Right, Plano solar panels

He added that when asphalt roofs begin replacing wood-shingled roofs, people didn’t like them at first. 

“It took some time to get used to,” said Howe. “Beauty is in the eye of the beholder. [Solar] is new and they need to get over it.”

Howe, a retired electrical engineer, pointed out the placement of solar panels are key to their performance. If homeowners with south facing homes were not allowed to put solar panels on the front of their roofs, it would render the solar panels less effective. 

“For best overall annual production, the panels should be on the south side,” said Howe. “They’ll have 10 to 30 percent less production if they’re installed any other way.”

Left, a ground mounted system in Cedar Hill.

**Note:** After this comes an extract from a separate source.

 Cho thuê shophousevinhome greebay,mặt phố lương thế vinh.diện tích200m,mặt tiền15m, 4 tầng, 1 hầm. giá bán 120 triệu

Meanwhile, the majority of cities in North Texas, including Dallas and Fort Worth, have simple permitting processes regarding solar, according to Lepinski’s research. The city of Flower Mound attempted to adopt a strict solar ordinance but ended up removing a requirement that solar panels could not be visible from the street. The city of Southlake is an exception, requiring a special use permit for all solar installations. 

The SUP process, proposed by North Richland Hills for some solar installation, requires that property owners within 200 feet of the subject property be notified. The public hearing is also published in the local newspaper and a sign is posted on the applicant’s property. By state law, if 20 percent of the land area within the 200-foot notification boundary formally opposes a case, a super majority of the City Council – six members – would have to approve the case. 

In defense, Comstock said just because other residents object to a SUP proposal does not mean that City Council will deny the application. 

“In fact, we recently had a zoning case where many adjacent neighbors opposed the zoning request and the 20 percent threshold was met, but City Council approved it because it was in keeping with the Comprehensive Land Use Plan and other factors. 

Above, a home in North Richland Hills with solar panels on the back side of the home's roof. 

In addition, Comstock said to address concerns about the added cost and process time for these special use permits, the staff will be asking City Council to consider a reduction in the SUP application cost from $576 to $50 as well as an expedited application process policy for solar panel SUPs that would create a 30-day turnaround.

Howe said that even if cities that require special use permits ultimately grant solar installation applications, it’s the additional hurdle that may keep people from applying. 

“If the message gets out that it’s a big hassle, they may not even ask to get quotes,” he said.

Both Lepinski and Howe encourage everyone who supports solar power, to attend the hearings on Nov. 20 and Dec. 8 to let the city know that there is support for the expansion of residential solar energy. If you plan to speak, Lepinski advises arriving at 6 p.m. to sign up to speak.

“What’s really significant is what they hear from their citizens,” said Howe. “As long as they hear some advocates come out and say something, they’ll have to rethink the issue.”